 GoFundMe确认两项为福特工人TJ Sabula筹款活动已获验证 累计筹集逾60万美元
---
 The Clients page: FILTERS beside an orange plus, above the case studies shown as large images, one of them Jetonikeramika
==
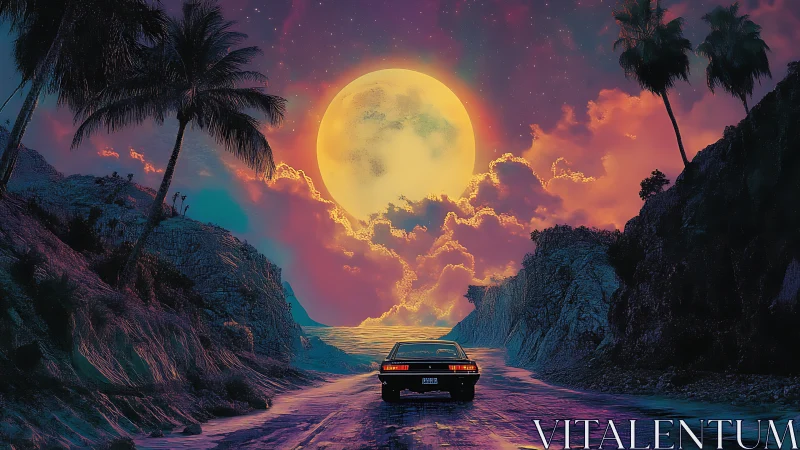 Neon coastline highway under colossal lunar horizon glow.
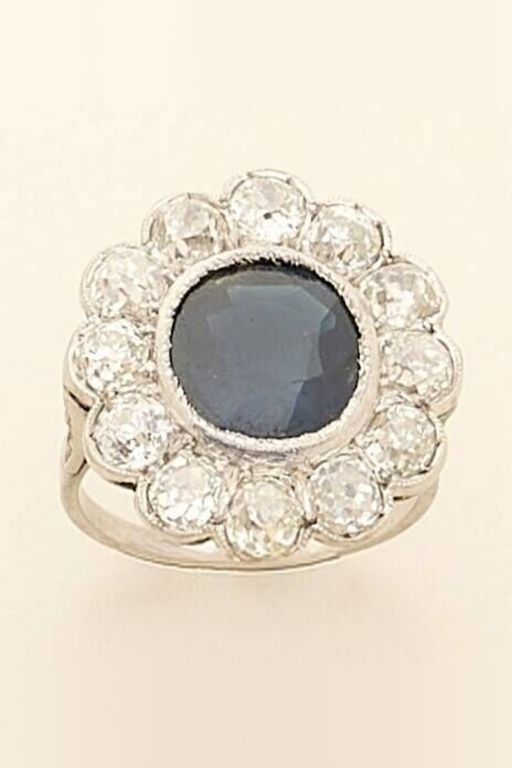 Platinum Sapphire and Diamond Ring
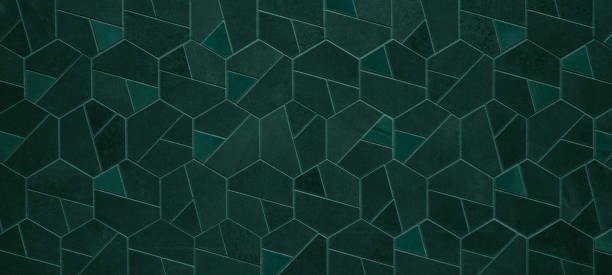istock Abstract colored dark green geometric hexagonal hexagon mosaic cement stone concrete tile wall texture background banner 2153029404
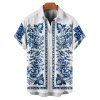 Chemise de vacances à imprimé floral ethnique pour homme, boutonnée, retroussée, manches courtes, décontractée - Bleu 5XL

What you should do
Only the lines above starting with the line with "istock Abstract colored" and going on through the line with "Chemise de vacances" belong in the answer; repeat them exactly, minus any picture.

Solution to this problem
istock Abstract colored dark green geometric hexagonal hexagon mosaic cement stone concrete tile wall texture background banner 2153029404
 Chemise de vacances à imprimé floral ethnique pour homme, boutonnée, retroussée, manches courtes, décontractée - Bleu 5XL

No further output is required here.